Skip to main content

The Revival Movement

image 1image 2image 3image 4cropped image 1

THE REVIVAL MOVEMENT.

The New York papers, which like the ancient Athenians are always on the qui vive1 to hear or to tell some new thing, are dilating on the religious revival by the page, just as they did on the Cunningham murder.2 One class of papers greedily avail themselves of the opportunity of ridiculing all religion, by making it responsible for the occasional fanaticism of some, and hypocrisy of others, of its professors, while other papers congratulate themselves and the public on the prospect of a general spread of sound morality and earnest piety as the fruit of the present excitement. Our own wishes are stronger than our hopes in this last respect.

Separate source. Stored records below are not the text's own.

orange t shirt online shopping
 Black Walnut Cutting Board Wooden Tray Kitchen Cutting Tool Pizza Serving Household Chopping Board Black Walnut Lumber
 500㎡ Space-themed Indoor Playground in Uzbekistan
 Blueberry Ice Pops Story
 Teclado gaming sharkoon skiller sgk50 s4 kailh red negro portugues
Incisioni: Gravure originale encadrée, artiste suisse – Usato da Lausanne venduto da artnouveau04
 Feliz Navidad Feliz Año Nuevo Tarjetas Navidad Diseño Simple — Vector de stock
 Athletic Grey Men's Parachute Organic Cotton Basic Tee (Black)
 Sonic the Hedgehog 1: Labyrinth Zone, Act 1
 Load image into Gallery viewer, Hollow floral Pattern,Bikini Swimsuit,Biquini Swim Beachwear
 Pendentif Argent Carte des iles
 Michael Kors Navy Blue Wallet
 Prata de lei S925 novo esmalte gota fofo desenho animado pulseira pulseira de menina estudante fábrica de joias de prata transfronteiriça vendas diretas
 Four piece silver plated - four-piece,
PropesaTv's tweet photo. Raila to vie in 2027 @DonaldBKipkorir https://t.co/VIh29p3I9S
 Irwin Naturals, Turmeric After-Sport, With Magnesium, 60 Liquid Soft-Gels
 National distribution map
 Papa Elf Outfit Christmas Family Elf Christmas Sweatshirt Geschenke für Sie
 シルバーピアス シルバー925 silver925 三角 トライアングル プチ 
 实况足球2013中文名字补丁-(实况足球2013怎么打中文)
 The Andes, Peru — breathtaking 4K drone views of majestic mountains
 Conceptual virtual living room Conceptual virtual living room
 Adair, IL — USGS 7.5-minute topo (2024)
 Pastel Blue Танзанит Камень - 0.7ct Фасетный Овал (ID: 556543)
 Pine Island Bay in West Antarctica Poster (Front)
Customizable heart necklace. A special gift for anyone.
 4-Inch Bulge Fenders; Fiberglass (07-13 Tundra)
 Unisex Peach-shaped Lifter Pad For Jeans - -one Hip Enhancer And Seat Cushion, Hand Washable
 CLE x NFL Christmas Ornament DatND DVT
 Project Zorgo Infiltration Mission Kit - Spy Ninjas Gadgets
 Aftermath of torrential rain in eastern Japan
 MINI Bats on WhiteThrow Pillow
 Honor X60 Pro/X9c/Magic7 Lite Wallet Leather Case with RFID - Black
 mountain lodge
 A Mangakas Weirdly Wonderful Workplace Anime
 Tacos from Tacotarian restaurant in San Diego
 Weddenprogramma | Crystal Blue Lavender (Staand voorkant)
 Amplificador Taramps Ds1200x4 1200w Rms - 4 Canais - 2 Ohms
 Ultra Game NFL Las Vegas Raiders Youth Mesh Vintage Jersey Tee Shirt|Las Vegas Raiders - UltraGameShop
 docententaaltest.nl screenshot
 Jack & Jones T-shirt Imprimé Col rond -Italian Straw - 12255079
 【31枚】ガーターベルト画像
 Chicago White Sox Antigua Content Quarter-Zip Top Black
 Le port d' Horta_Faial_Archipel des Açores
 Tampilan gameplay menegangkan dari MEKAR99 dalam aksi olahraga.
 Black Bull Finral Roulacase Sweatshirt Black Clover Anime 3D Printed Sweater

There is a sad and fatal want of earnestness and sincerity in the religion of the day. Look at a thorough business man—we could name hundreds such. Meet him at any hour of the day or night, and his talk and his thoughts are of gains and cash; we doubt if he could talk five minutes without uttering the word “dollars.” So with the man of pleasure, his fast horses and various luxuries are ever present to his mind and are constantly alluded to in his conversation. But the religious man, the church member,—he leaves his religion behind him on quitting his pew Sunday evening, and resumes it not until his return there on the next Sunday morning. You may be in his company all the week, and be familiar with him through a course of years, without ever having reason to suppose that he is a church member. It is a pitiable but an indisputable fact, that while a man of business, or a “fast man,” display their tastes and habits of mind unmistakably in their whole career, the most men who profess religion keep their coats buttoned over it, so that it is only by accident, if at all, that you learn they profess to have any. If the revival movement cures this, by infusing the same earnestness into men’s practice of religion, which they already display in the pursuit of business, a great deal of good will be done, both to the individuals especially concerned, and to the community at large.


Notes:

1. "qui vive" is a French phrase, meaning "on the alert." [back]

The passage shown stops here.